BTW, I think all men should read Captivating, and all women should read Wild at Heart.

I can't relate to everything in Captivating, but I do have a better understanding of why women act to certain circumstances.

A good example is feeling secure. To most guys, we have no concept of this. Walking down a dark corridor or walking to our car in an empty parking lot....doesn't bother a bit. But I've learned that this is a very important subject to women and I try my best to help make them feel secure.

Another thing is the question of "Am I lovely??" I do my best to compliment my female friends...I understand more fully how important that is.

Amber said...

Apples over Gushers are definitely a victory. Unfortunately, I think the influences of diet on behavior take a little more time and change than 2 apples can effect. (Not that I have any issues with your experiment - I think it is a very loving, thoughtful thing.) But really, isn't one of our deepest needs as individuals the need to feel special, to feel known? If we could just learn to depend on God for that need, how differently would we all act?
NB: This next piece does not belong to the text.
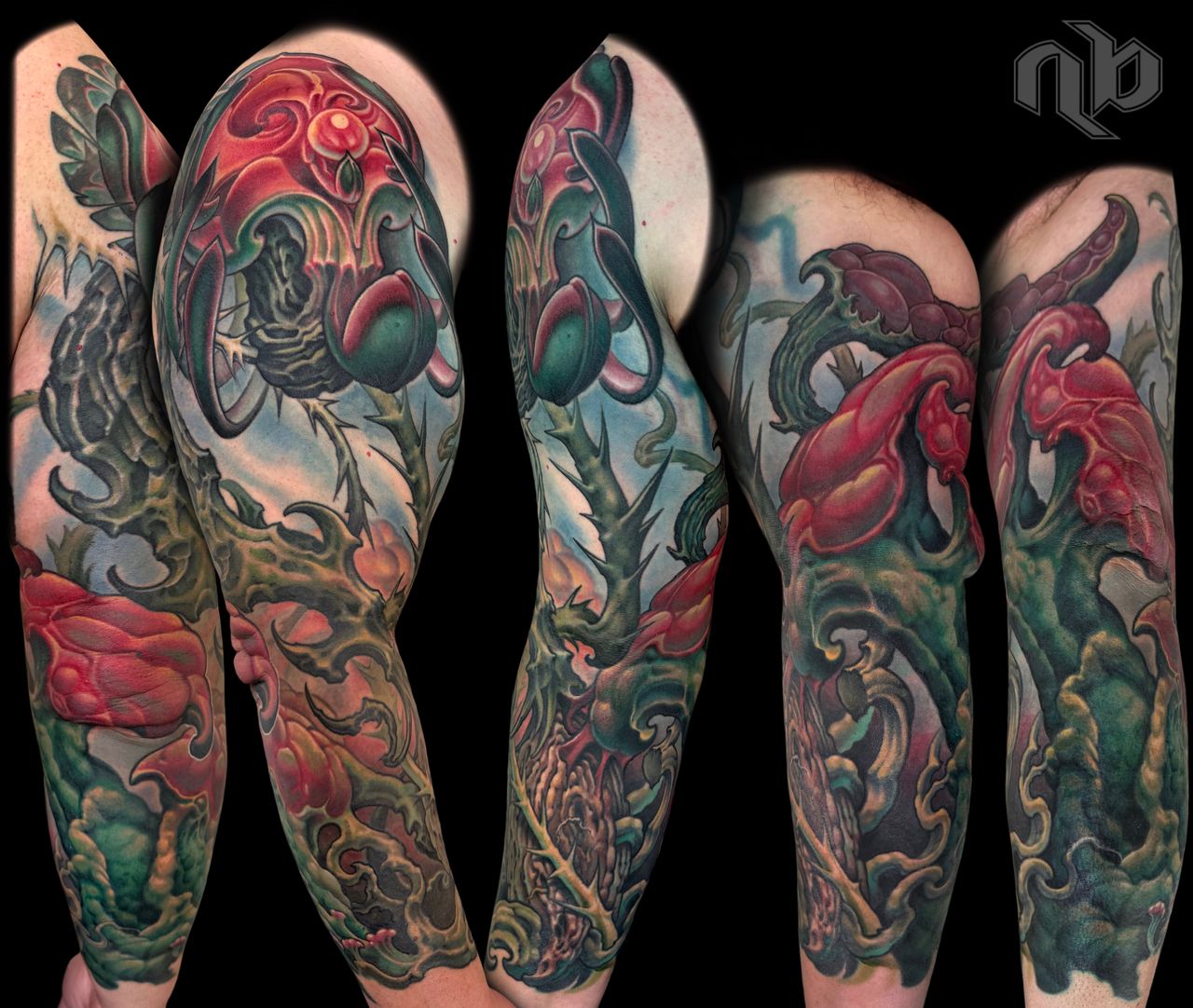 Color textured abstract bio-organic tattoo sleeve with roots, vines, thorns and floral growth by Nick Baxter in Austin Texas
As far as the Captivating/Wild at Heart thing - I would be more than willing to read Wild at Heart. Unfortunately, Joe wouldn't read it because after we read The Sacred Romance for our home group, he pretty much thinks that John Eldredge is out in left field (as far as he's concerned, personally).

Tmproff said...

Ber, I have to kinda agree with your husband on this one. I think Eldridge can be way out in left field sometimes :)

It's just that some of his ideals have to be taken with a grain of salt.

Amber said...

Well, I'm certainly glad Joe isn't the only one who thinks Eldredge may not have it all exactly right. In Joe's defense, he's actually pretty good about emotions and motivations and that kind of thing - he lives in a pretty black and white world. All that to say that I will probably be out of the Captivating/Wild at Heart discussions for the time being, at least. Now, if we were to start up a conversation about something by Donald Miller, that's another story...

Ashlee Liddell said...

Ber,

You know I love Joe...he is my favorite husband! (don't tell the other husbands in my life that...)

Tmproff, I must say your comment surprised me a little bit. Not that I disagree, just that it surprises me you would see Eldrege as out in left field sometimes....anything in particular in Captivating you felt was out in left field?